Tim Miller, the executive director of the UK Gambling Commission, reinforced that point in an interview with Eurogamer’s Vic Hood, emphasizing that he doesn’t believe loot box proceeds are “valuable” — an opinion that could transform the future of gaming. If they are deemed “valuable,” mechanics strewn through countless games on every platform, might end up being criminalized or strictly regulated in the US and abroad. Regulators could raise questions about card games and tabletop role-playing games that bank on similar mechanics with much tighter profit margins.
The recent statements from gambling regulators and legislators worldwide constitute an opening shot in the battle over loot boxes, not a climax. The industry’s biggest players are unlikely to give up a multibillion-dollar revenue stream without a fight. But the stakes are larger than even that princely sum. This is a battle for the soul of gaming; we’re at a crossroads where the industry has to choose who and what it wants to be.
The loot boxes of Battlefront II seemed to presage an industry that produced lavish video lottery machines, where all art had been sublimated into mere backdrops for mechanics whose sole purpose was the extraction of maximum profit. The gaming industry has been on the cusp of a digital nightmare where games and their stories were tailored around profitable systems, not the other way around. Thanks to this controversy, it has a chance to take a different path now.
Loot boxes are only one kind of microtransaction, but they’re often discussed as a unit because all microtransactions rely on similarly seductive sales techniques. They also permit theoretically unlimited revenue to be drawn from a game. Cajoling and enticing players onto that limitless funicular track of spending raises serious ethical issues, especially where our youngest players are involved.
Because of the moral panics that have been weaponized against everything from Dungeons & Dragons to Grand Theft Auto in the past, everyone who works in or around the gaming industry has a certain, marrow-deep revulsion to arguments that smack of “what about the children!?” But children aren’t the only ones harmed by a gambling economy; their cases are just especially egregious. It is long past time to stop reliving the culture wars of the last three decades and move on. Many of the people complaining about loot boxes now are the very same people who play and adore games, not right-wing religious extremists who want to obliterate everything we love.

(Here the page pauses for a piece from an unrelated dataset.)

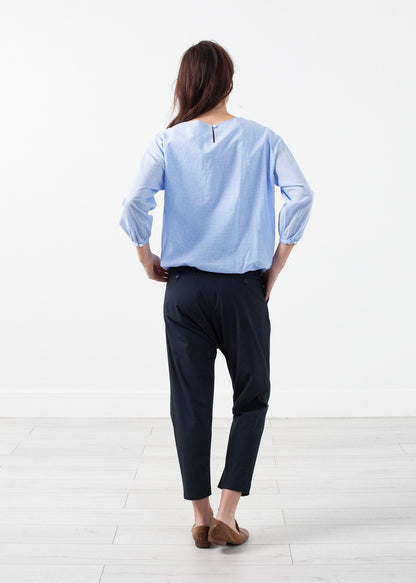 Pigalle Pant (6707088425054)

Seeking to ban a specific revenue-generating practice that is inessential to artistic expression is very different from banning games on the basis of content — or banning them altogether. If we can have the debate on those terms, rather than the apocalyptic ones we’ve been saddled with, something good might come out of this whole mess.

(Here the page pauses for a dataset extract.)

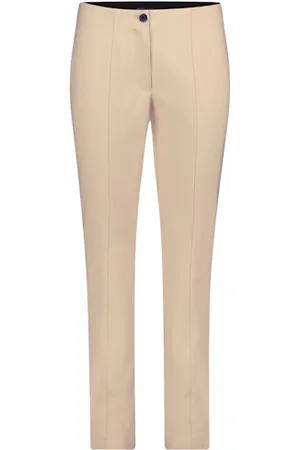 Betty Barclay 68122150 hose klassisch 7/8 laenge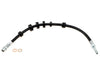 Brake Hydraulic Hose Raybestos Brakes BH383487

The future could still be one in which we — consumers, regulators, developers, and critics — develop an entirely new ethical framework around microtransaction economies and the sale of digital content. Perhaps it will require government intervention, or perhaps it’ll take the form of industry self-regulation. Either way, the industry could come out the other side of this acrimonious debate, and its forthcoming legal battles, not just intact, but better than it was before.
Correction 12/19/17 2:30 PM ET: This article has been updated to include the correct name of Hawaii state representative Chris Lee.